We are unable to provide assistance with patients presenting with:

  • Time-critical emergencies – Call 000
    Unfortunately, while our Specialist are uniquely skilled in this area, we are unable to absolutely guarantee an assessment in a time frame that would not dangerously delay definitive care of true emergencies. Additionally, in this context, there are significant limitations to the quality of care able to be provided via telehealth and patients are generally better served by urgent transfer to an actual emergency department.
  • Chronic presentations (except “acute on chronic” exacerbations)

    Our Specialists are not specialists in chronic presentations. We can provide expert assistance with acute, sub-acute and “acute on chronic” presentations.

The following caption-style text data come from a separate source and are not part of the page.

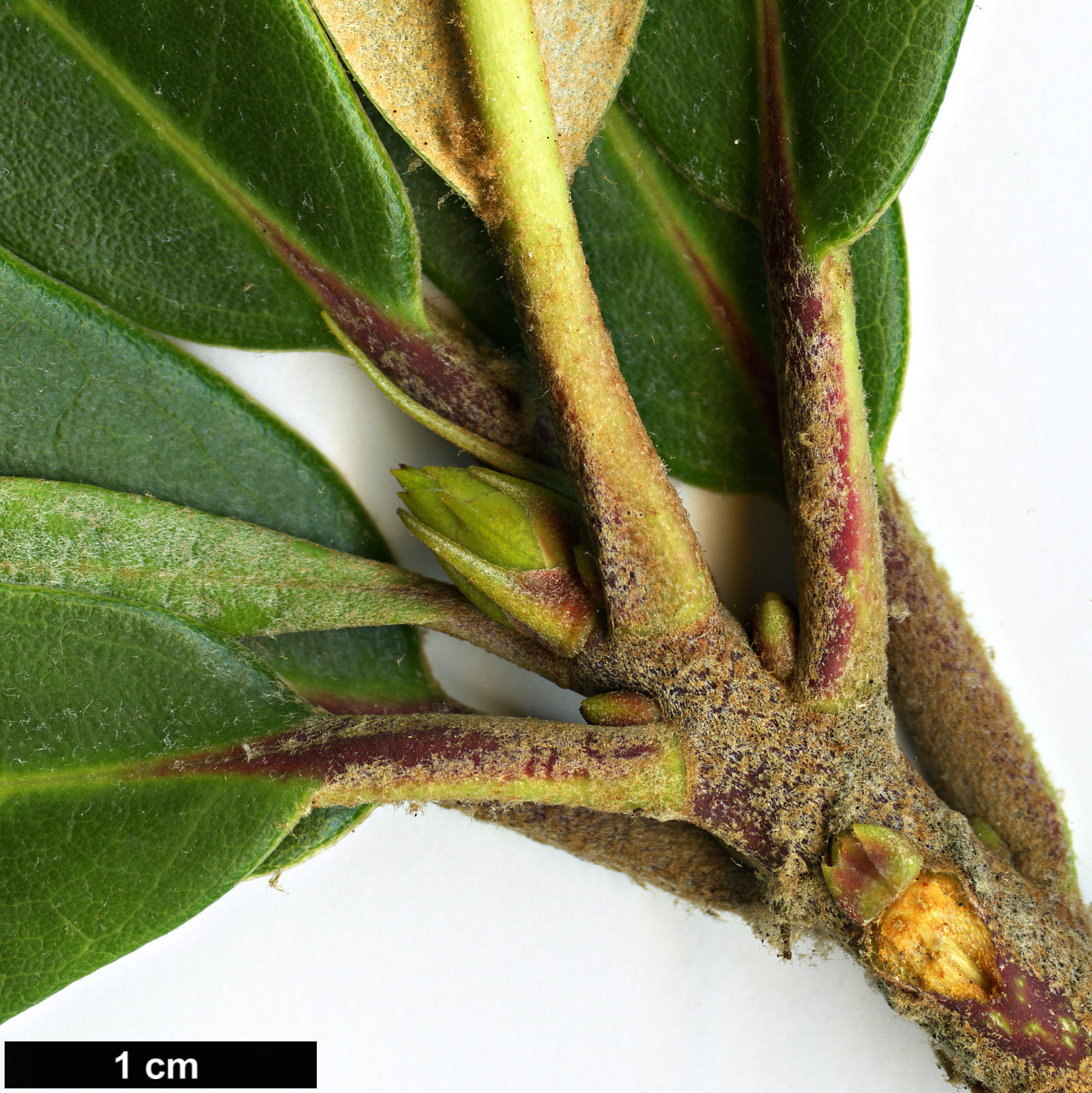 High resolution image: Family: Ericaceae - Genus: Rhododendron - Taxon: haofui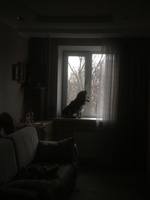 VFL.RU - ваш фотохостинг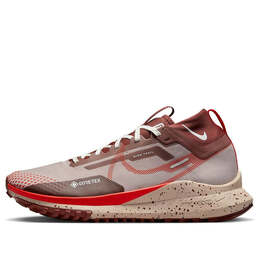 Кроссовки pegasus trail 4 gore tex Nike, коричневый dj7926-200 | diffused taupe/dark pony/sail/picante red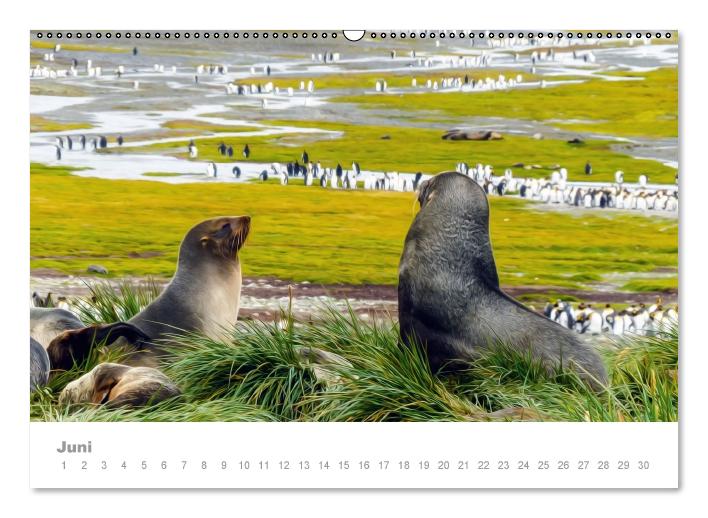 ANTARKTIS (Wandkalender immerwährend DIN A2 quer) (CALVENDO Wandkalender 2014)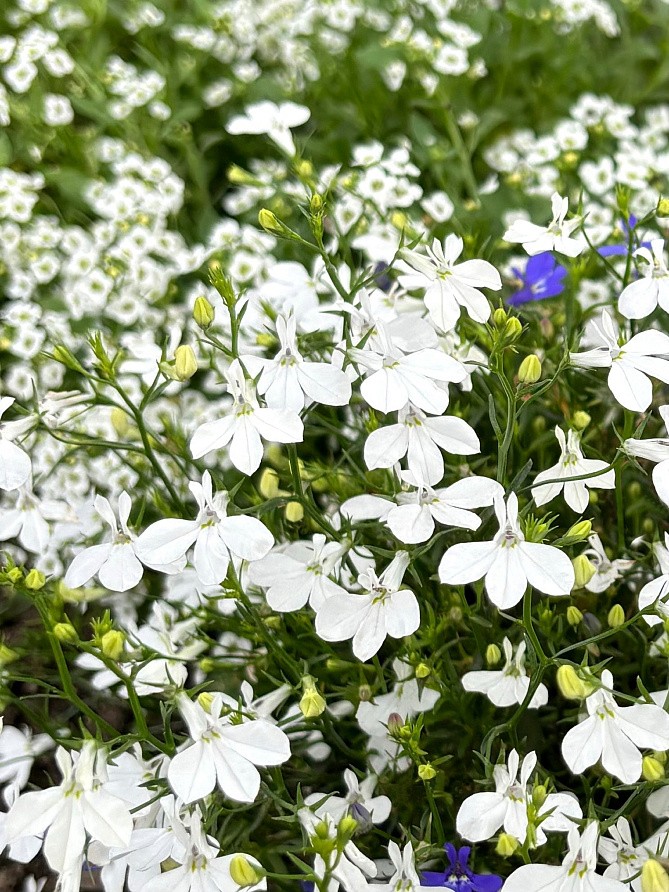 Партнер Лобелия каскадная РИВЬЕРА УАЙТ ^(10шт в амп), изображение 1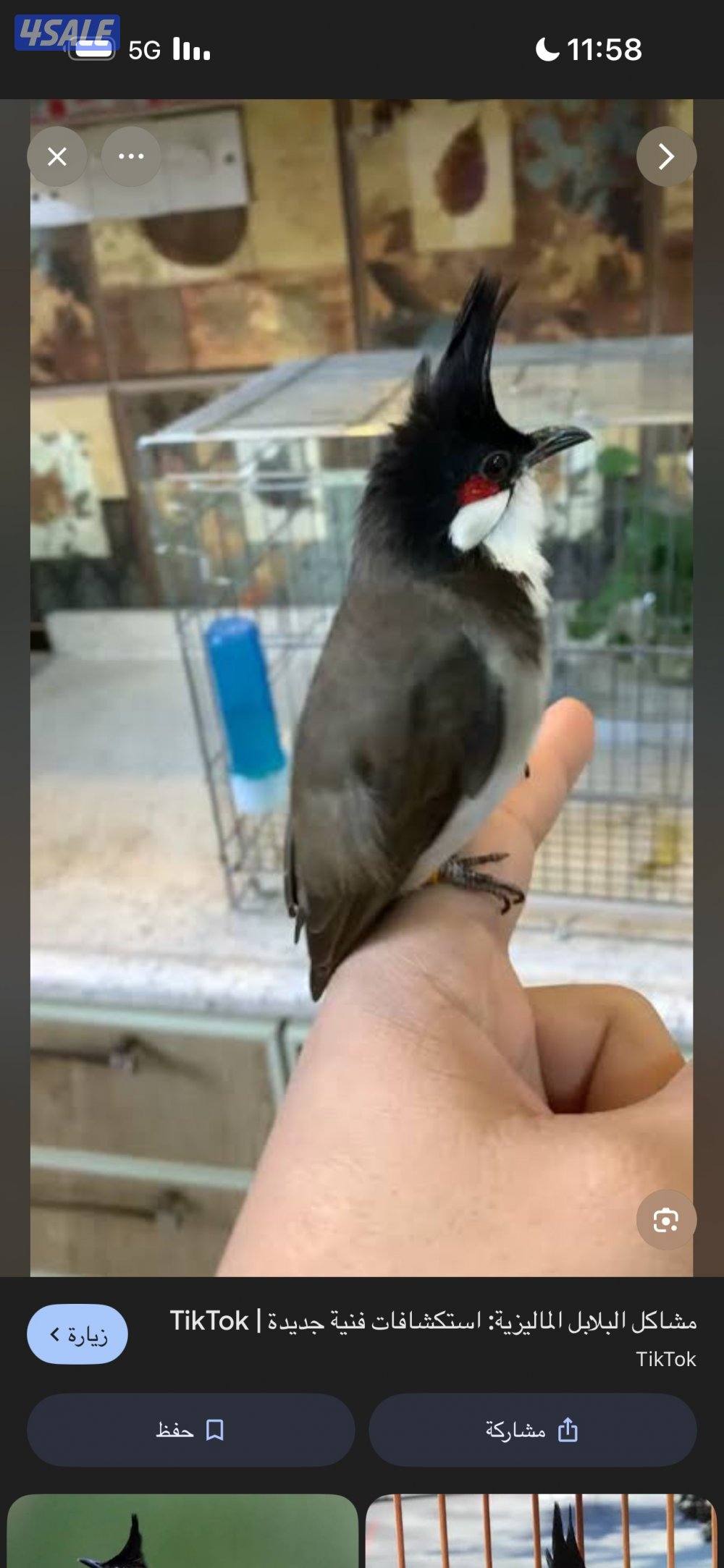 بلبل ماليزي شرط تغريد8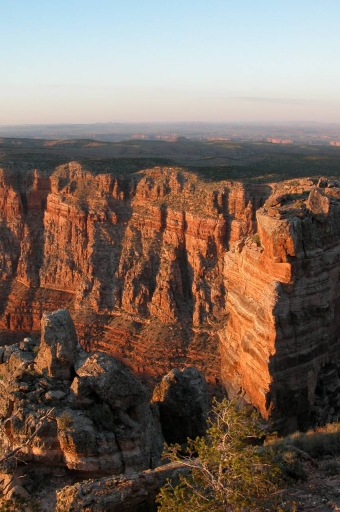 Click for original image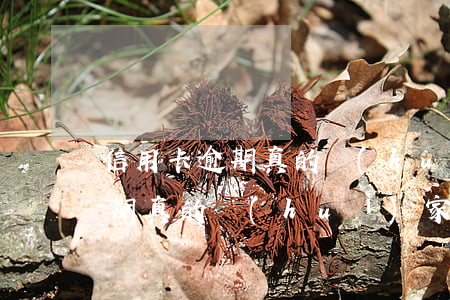 信用卡逾期真的會(huì)家訪嗎(貸款逾期真的會(huì)家訪么)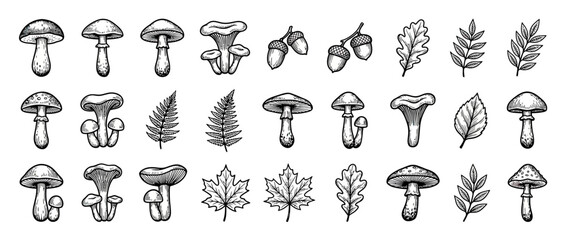 Hand-Drawn Forest Elements: Mushrooms, Acorns, and Leaves Illustration © Abdul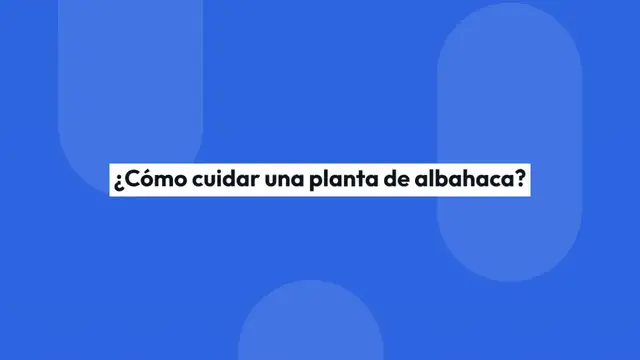 Video thumbnail for Cuidado de la albahaca en maceta: consejos y técnicas de cultivo.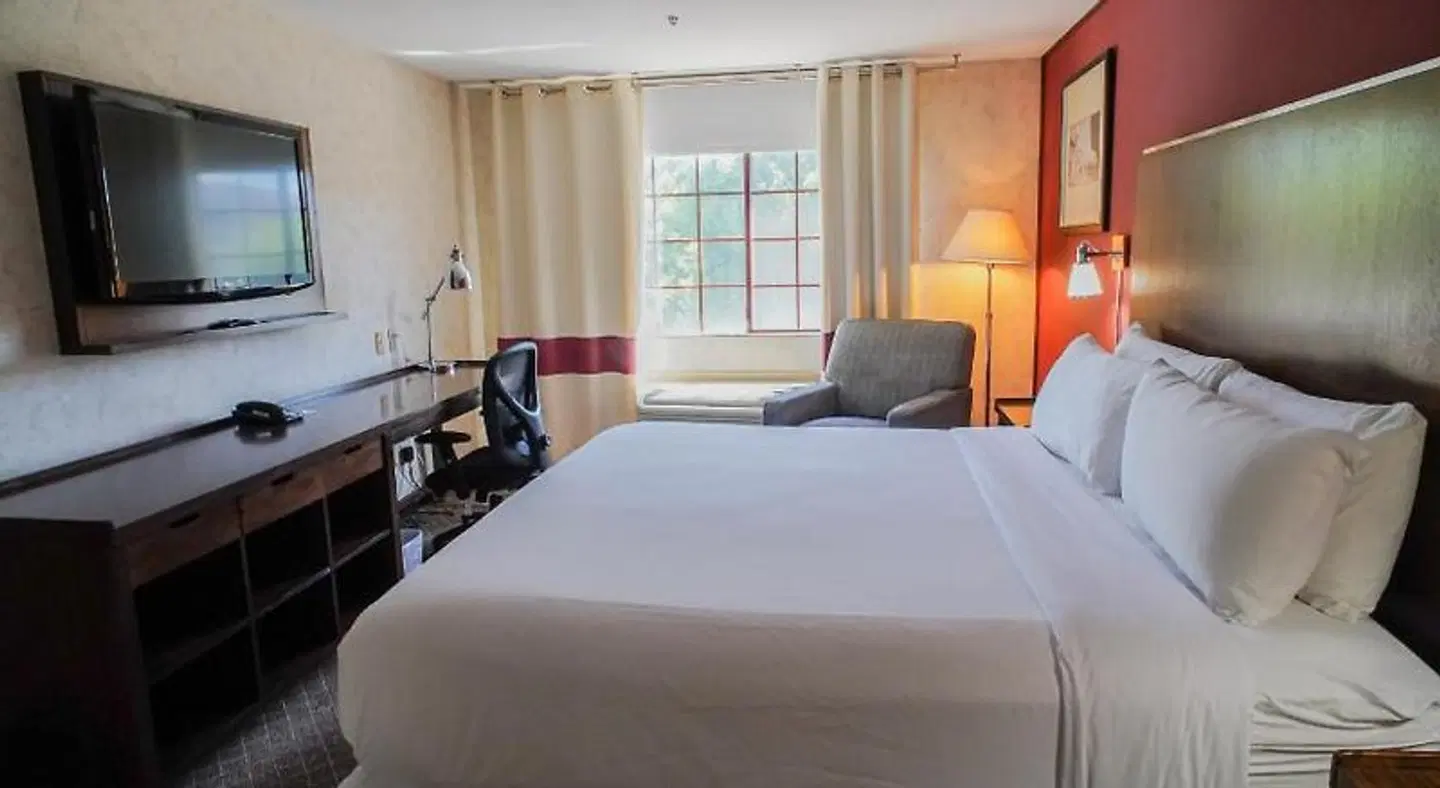 Wyndham Garden San Jose Silicon Valley ROOM_EXAMPLE
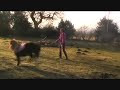 my georgieeee 5yr old shetland pony lilly lunging,bucking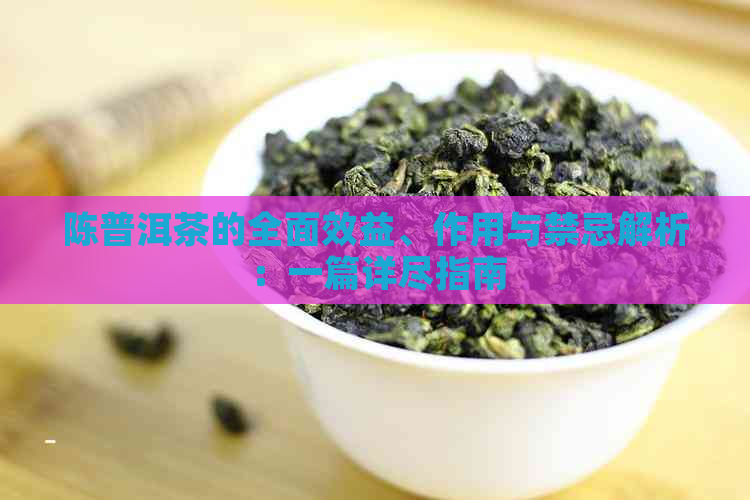 陈普洱茶的全面效益、作用与禁忌解析：一篇详尽指南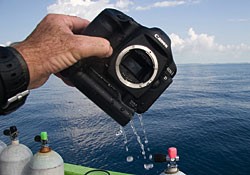 Боитесь, что ваш бокс для подводной фотосъемки зальет водой? Боитесь, что ваш бокс для подводной фотосъемки зальет водой?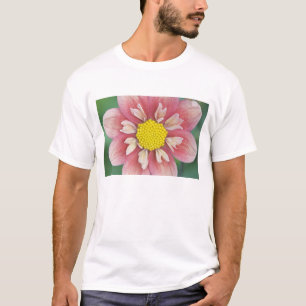 Camiseta EE. UU., Washington, Bellevue, Jardín Botánico de 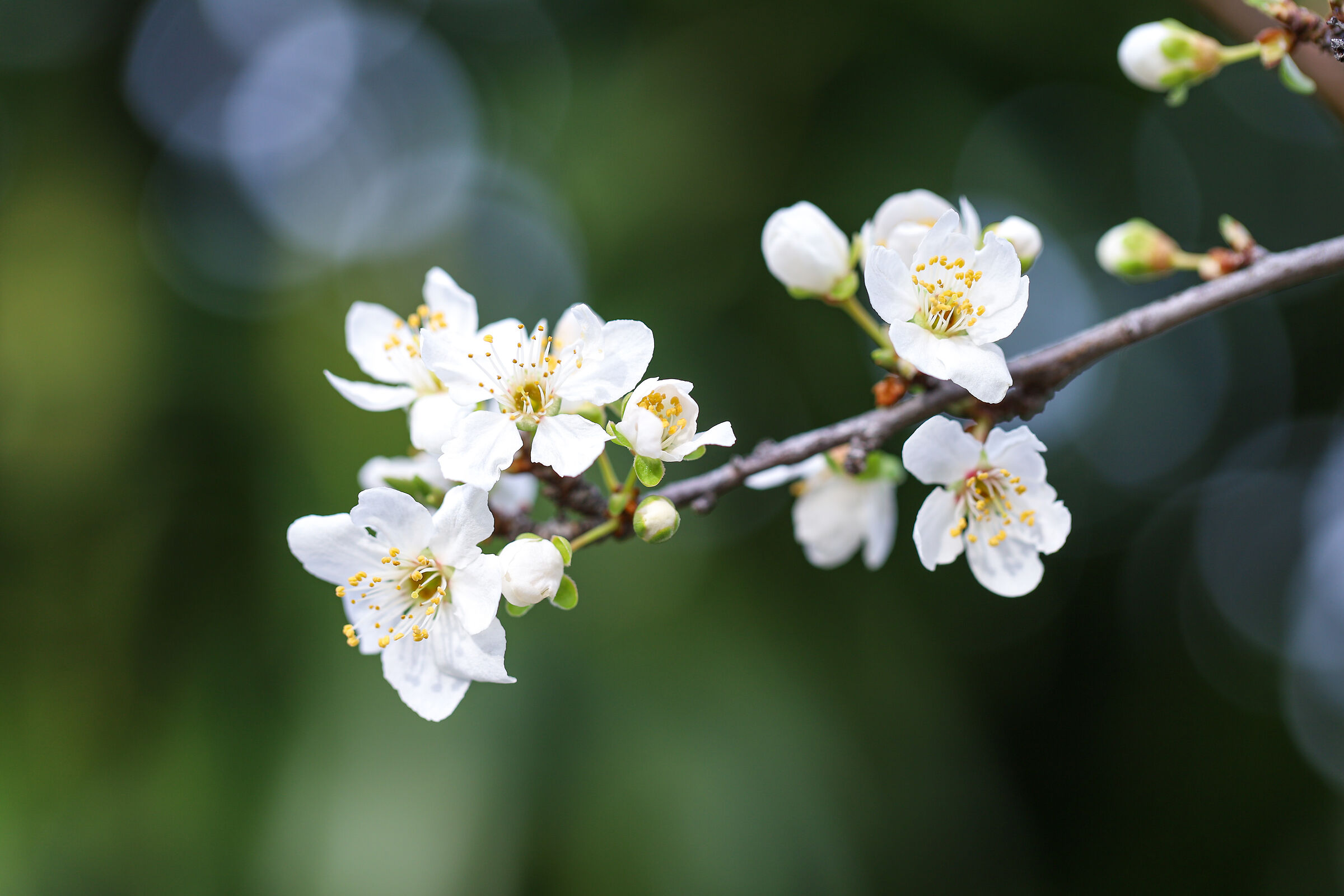 Si inizia a sentire... profumo di primavera!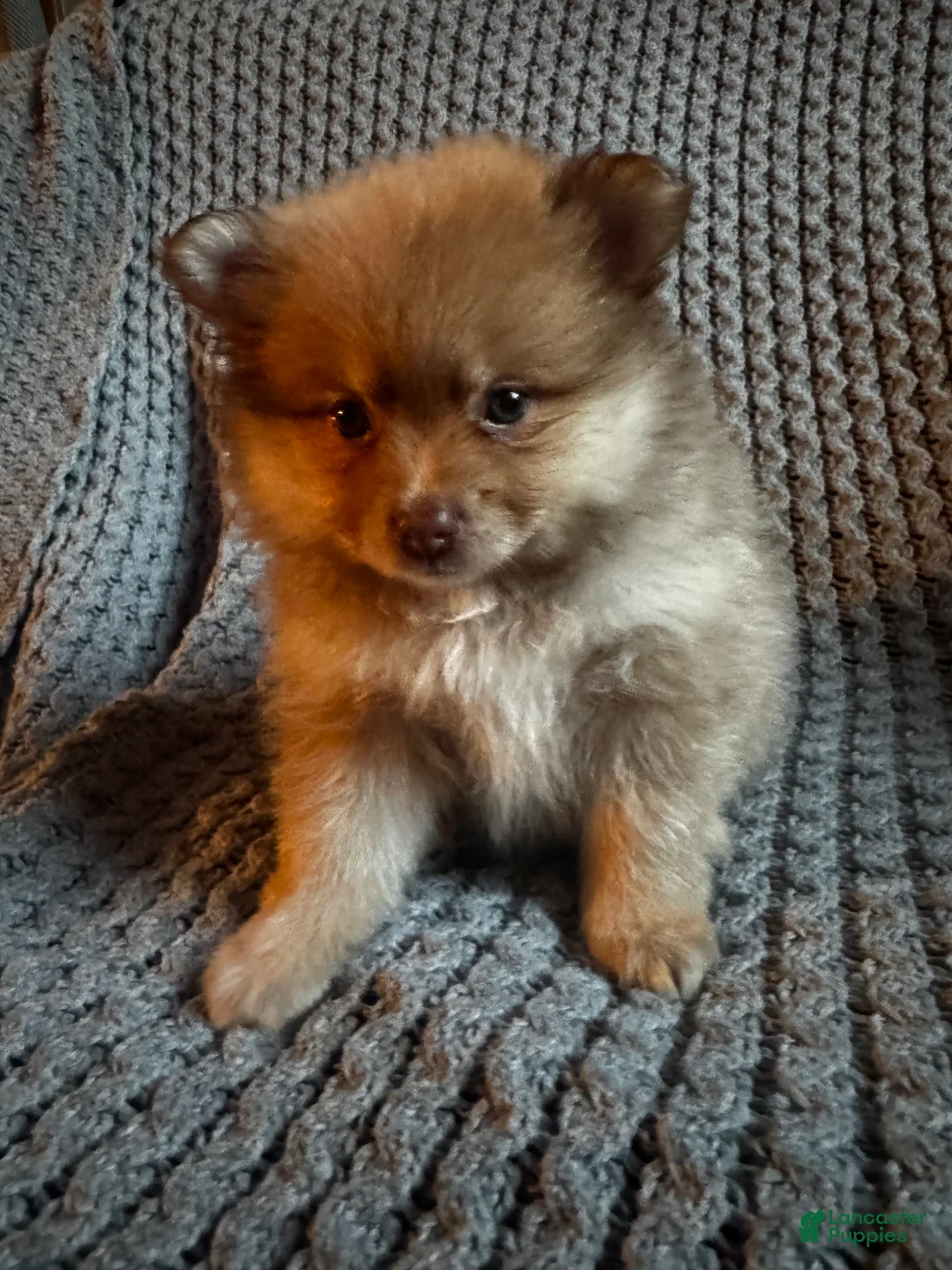 Pomeranian dogs for sale: Blossom- blue eyes - Ad 2
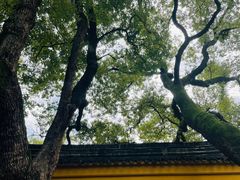 -西园戒幢律寺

  • Mental Health presentations
    Our Specialists are unable to add particular expertise in this area. If additional assistance is required, we would advise contacting your local Mental Health services.
  • Obstetric >20/40 gestation & Infants <3/12 old

    For pregnant patients with gestations > 20 weeks, the limitations of telehealth would prevent our Specialists from providing additional benefit to GPs in this area and we would advise consultation with your local Obstetric service.
    Infants under 3/12 are inherently high risk and are more often subject to routine ED investigation if concerned. Additionally their assessment is more time-critical and relies more heavily on the ability to examine the patient in person, which is not possible by telehealth. We recommend that any infants under 3/12 that GPs are concerned about should be referred directly to the ED.